+++ MATERIAL FOR THIS TASK
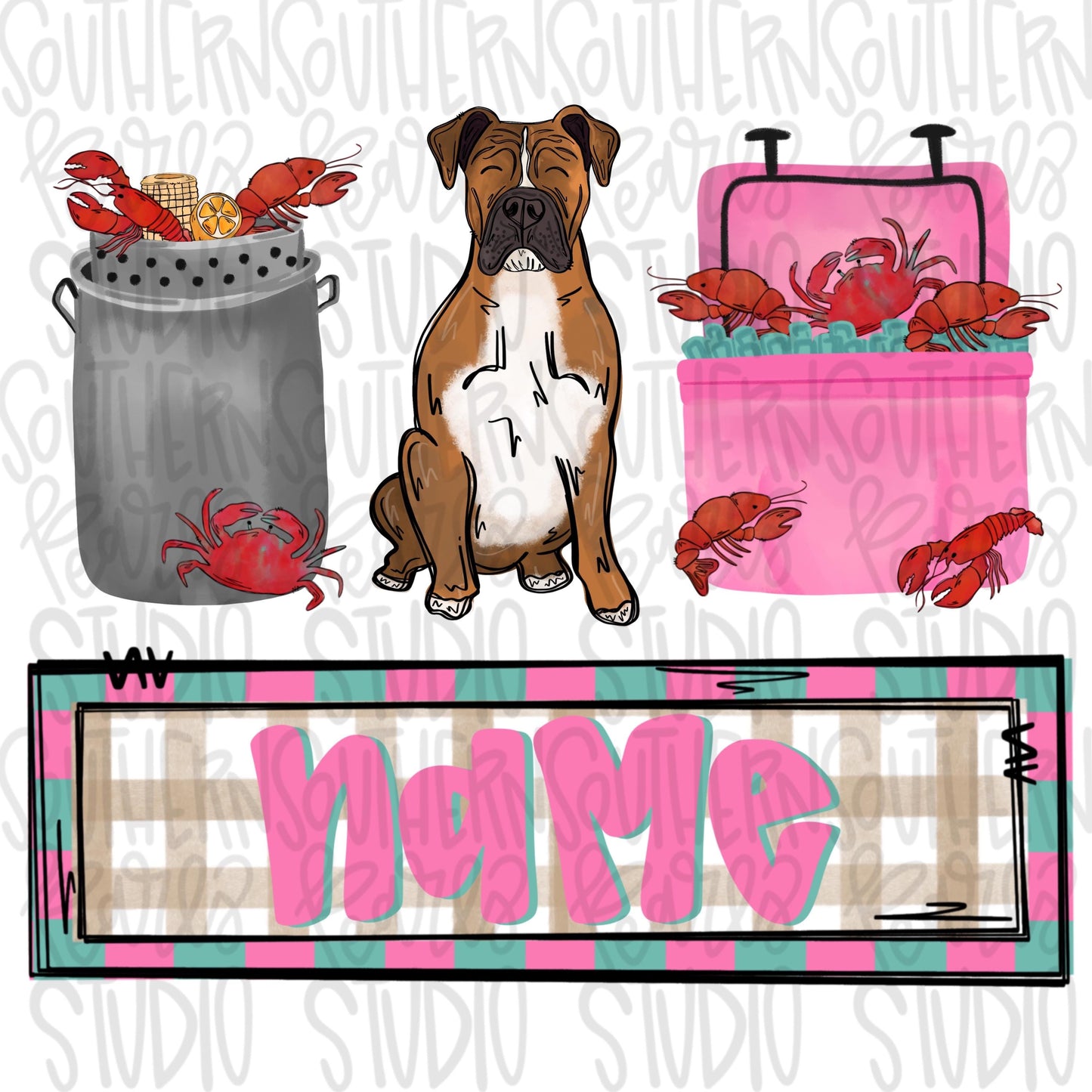 Crawfish boil with boxer trio | girl name patch | Crawfish Season | Sublimation Design | Digital Download | Women’s, Kids Shirt PNG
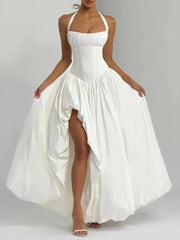 Halter Neck Puff Maxi Dress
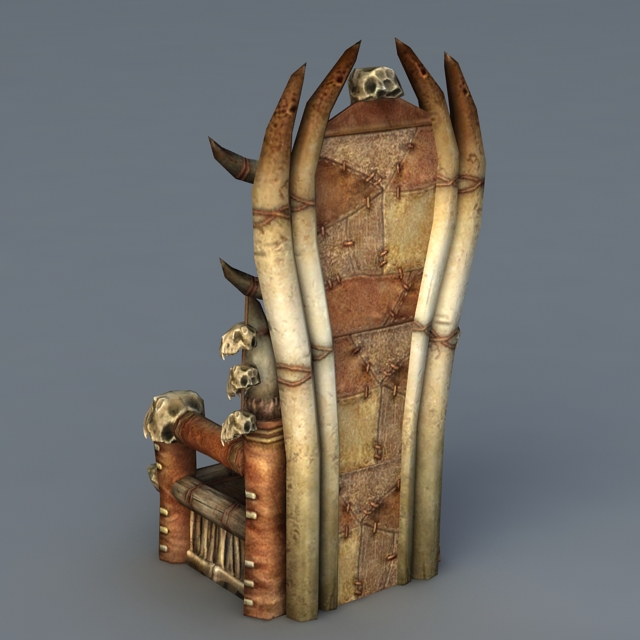 Skull Throne Chair 3d rendering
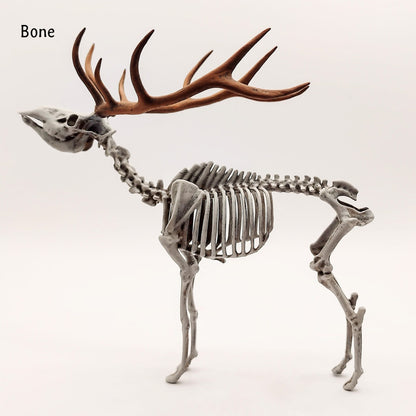 Red Deer Skeleton - 1:18 scale miniature for horror diorama, dollhouse, tabletop arts and crafts, replica curiosities oddities (1 skeleton)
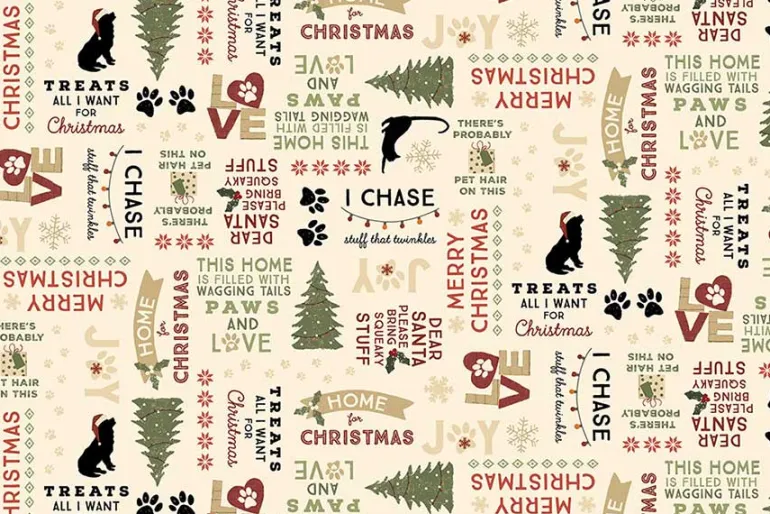 Christmas Tails Snowflake Dot on Olive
++++++
Give back, word for word, the lines from the line that contains "Skull Throne Chair 3d rendering" through the last line of the records, with no pictures and nothing else.

 Skull Throne Chair 3d rendering
 Red Deer Skeleton - 1:18 scale miniature for horror diorama, dollhouse, tabletop arts and crafts, replica curiosities oddities (1 skeleton)
 Christmas Tails Snowflake Dot on Olive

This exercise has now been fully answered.